Overall audio latency depends on soundcard drivers, but that's a different thing. We're only talking about plugin latency here: the delay the plugin adds to the signal, and n-Track's ability to compensate for that.

How and why does n-Track version 3.x differ from version 4.x in that respect?

All I state is that I notice an audible difference in the latter not present in the former.

regards, Nils

I have no idea. I made a narrow point and I stand behind it. Perhaps maybe I should duck behind it! :;):

The point being simply that this has nothing to do with 16-bit vs. 24-bit.

learjeff · March 15, 2006, 8:12pm

Quote (woxnerw @ Mar. 14 2006,18:42)

Is that why the "Rise-Time" of the "Spike" is so important?

The Spike .. being the Impulse Response Waveform?

Bill..

Not exactly.

Here's the theory, but be warned that I have a limited understanding of the actual math. (I have Hamming's book, the classical text, but I get lost in the first chapter, which covers the necessary underlying math. Makes me wish I'd skipped fewer of those Differential Equations lectures ... I'm still astonished I got a C in that class! I walked out of the final exam certain that I'd flunked it since I didn't have a clue what I was doing and just imitated some of the stuff I'd seen on the chalkboard. I was embarrassed to turn it in, but I PASSED!)

BTW, I'll get a little of this wrong but will update it later with text in hand.

Principal fact: Any infinite impulse response (IIR) filter can be completely characterized by its response to an impulse input.

What's this mean?

I won't go into what IIR really means, but most things that act like filters in nature and analog circuitry are IIR filters. This includes natural reverbs, audio filters, and a host of other things.

"Completely characterized" means we know all there is to know about how it will respond to a give input, so we can (in theory) duplicate it exactly.

OK, then, what's an "impulse input?" It's when the input signal starts at the maximum input value and immediately drops to zero. Well, this is where reality creeps in, and we find that despite the truth of the fact above, we can't REALLY completely characterize anything in the physical world, mostly because it's impossible to go from any value to zero instantaneously.

But we can get close enough.

BTW, what we do ideally is feed this (impossible) impulse into the thing we want to imitate and record its response. Then we wave a mathemagical wand over the recorded response to produce something called a "filter kernel" or "convolution kernel". Later, in our emulation, we plug the kernel into a generic "convolution engine", and bingo, we've built a model for what we measured. Feed it an input signal and (within the limits of our model framework, like bit rate) out comes the same thing that the real thing would do. Which is why SIR sounds so dang good.

Now, how do we feed an impulse into a real system? Well, we can't. Two impossible parts: (1) getting it to start at the maximum value, and (2) dropping it to zero instantaneously.

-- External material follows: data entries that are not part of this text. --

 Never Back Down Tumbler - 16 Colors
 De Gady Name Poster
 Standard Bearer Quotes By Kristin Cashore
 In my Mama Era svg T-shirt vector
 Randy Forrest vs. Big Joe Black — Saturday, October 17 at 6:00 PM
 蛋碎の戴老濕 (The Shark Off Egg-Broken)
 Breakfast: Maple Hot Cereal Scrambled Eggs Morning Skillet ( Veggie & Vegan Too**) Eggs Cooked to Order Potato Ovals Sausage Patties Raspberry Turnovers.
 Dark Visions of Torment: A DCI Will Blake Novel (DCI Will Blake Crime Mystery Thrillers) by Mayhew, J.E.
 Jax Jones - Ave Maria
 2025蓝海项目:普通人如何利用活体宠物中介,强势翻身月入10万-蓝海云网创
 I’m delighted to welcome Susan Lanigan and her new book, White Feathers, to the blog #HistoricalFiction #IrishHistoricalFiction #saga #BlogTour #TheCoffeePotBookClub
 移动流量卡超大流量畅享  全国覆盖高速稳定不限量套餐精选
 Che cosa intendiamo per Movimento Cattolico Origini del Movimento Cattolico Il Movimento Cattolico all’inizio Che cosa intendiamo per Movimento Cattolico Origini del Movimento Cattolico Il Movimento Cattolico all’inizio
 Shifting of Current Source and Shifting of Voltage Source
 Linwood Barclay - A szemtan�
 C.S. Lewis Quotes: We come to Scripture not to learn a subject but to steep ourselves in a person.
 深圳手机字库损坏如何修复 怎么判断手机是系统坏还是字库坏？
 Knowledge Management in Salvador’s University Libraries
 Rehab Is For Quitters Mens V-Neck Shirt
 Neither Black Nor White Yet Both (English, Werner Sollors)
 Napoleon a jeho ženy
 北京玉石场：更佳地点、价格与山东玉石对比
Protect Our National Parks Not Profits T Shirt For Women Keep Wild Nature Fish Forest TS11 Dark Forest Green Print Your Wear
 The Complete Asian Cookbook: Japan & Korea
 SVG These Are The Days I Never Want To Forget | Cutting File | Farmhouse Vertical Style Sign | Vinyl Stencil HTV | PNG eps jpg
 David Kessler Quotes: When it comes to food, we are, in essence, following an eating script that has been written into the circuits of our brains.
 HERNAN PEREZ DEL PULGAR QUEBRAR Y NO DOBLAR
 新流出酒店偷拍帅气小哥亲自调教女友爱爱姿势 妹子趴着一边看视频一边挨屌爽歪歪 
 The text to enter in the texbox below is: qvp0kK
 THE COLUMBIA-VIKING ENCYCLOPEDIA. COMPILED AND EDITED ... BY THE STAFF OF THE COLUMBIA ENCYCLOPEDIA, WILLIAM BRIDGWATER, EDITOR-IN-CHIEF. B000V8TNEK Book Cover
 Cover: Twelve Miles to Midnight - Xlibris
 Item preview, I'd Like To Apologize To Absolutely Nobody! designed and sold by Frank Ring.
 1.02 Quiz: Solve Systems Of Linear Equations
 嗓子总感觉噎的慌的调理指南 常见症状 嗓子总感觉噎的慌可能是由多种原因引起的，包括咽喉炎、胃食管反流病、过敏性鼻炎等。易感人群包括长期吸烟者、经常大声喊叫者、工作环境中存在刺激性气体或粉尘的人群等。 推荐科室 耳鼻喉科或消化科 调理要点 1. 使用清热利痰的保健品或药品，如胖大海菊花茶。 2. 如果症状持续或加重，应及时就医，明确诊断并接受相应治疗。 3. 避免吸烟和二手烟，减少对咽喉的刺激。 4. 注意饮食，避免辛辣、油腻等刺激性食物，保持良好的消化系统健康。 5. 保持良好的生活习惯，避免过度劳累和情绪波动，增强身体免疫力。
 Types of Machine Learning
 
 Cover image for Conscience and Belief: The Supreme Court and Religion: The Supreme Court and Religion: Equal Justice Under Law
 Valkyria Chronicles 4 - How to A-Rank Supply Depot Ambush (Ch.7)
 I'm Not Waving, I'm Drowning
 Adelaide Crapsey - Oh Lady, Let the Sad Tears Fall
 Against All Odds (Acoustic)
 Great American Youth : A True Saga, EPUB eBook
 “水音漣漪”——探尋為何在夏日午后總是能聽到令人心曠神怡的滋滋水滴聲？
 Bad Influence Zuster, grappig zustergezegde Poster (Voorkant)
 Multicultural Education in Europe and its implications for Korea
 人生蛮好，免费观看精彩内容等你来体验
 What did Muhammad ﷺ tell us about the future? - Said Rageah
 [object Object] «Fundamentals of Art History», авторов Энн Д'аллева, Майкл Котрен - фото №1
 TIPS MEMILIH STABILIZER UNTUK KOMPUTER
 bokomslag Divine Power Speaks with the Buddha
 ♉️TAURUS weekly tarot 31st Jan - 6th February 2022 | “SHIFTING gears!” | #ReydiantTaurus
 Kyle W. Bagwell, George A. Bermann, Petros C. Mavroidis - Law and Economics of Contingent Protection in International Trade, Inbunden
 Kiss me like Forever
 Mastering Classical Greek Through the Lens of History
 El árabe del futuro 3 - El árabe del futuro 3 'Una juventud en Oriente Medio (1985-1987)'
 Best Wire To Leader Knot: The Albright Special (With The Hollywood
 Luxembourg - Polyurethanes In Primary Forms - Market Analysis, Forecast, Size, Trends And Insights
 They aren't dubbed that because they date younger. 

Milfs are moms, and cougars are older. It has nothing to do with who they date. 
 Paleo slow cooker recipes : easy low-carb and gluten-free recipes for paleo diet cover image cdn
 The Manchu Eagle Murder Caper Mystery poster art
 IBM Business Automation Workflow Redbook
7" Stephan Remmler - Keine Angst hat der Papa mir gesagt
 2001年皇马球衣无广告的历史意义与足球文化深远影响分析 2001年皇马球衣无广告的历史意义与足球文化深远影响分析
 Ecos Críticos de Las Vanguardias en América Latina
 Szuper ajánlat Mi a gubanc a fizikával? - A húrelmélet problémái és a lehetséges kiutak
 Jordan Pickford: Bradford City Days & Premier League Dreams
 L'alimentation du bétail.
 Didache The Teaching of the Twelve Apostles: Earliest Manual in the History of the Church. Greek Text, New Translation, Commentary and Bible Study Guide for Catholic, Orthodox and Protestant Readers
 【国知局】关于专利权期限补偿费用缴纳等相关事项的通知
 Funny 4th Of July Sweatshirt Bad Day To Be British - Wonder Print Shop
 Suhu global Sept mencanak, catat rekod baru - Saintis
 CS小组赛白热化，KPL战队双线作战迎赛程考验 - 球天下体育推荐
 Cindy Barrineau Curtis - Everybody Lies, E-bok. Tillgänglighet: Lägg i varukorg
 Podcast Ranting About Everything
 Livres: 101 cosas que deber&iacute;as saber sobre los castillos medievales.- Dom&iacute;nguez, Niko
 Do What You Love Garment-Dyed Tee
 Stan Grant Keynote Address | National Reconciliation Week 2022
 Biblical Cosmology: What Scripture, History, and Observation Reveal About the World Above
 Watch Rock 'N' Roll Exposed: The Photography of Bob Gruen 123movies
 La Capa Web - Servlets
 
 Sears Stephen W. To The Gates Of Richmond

Obviously, can't do either of these. But what we can do is fire a gun or something that makes a nice sharp BANG spike. Ideally, it goes from zero up to a maximum and then comes right back down, without squirrelling around on the way down. I'm not sure how we compensate for the upward part, but I bet there's mathmagical wizardry to minimize that. Still, it's important for the sound to go up and back down as cleanly and quickly as possible (if recorded in an anechoic chamber). We need it to be as close to an impulse as possible. Otherwise, the underlying math that this is all based on comes crumbling down like a house of cards on a windy day.

Someone should post this to a wiki somewhere!

BTW, I don't know whether the files called "SIR impulse files" are recordings of the responses or are actually convolution kernels. It doesn't really matter because one is derived from the other, but with the waveform you can choose how long a kernel to calculate. The longer the kernel, the better the results but the higher the latency.

Cheers
Jeff

jimbob · March 16, 2006, 2:48am

I’m feeling particularly geeky today and will try to add to what Jeff said about how a processor like SIR works and will make a comment about how this relates to latency at the end.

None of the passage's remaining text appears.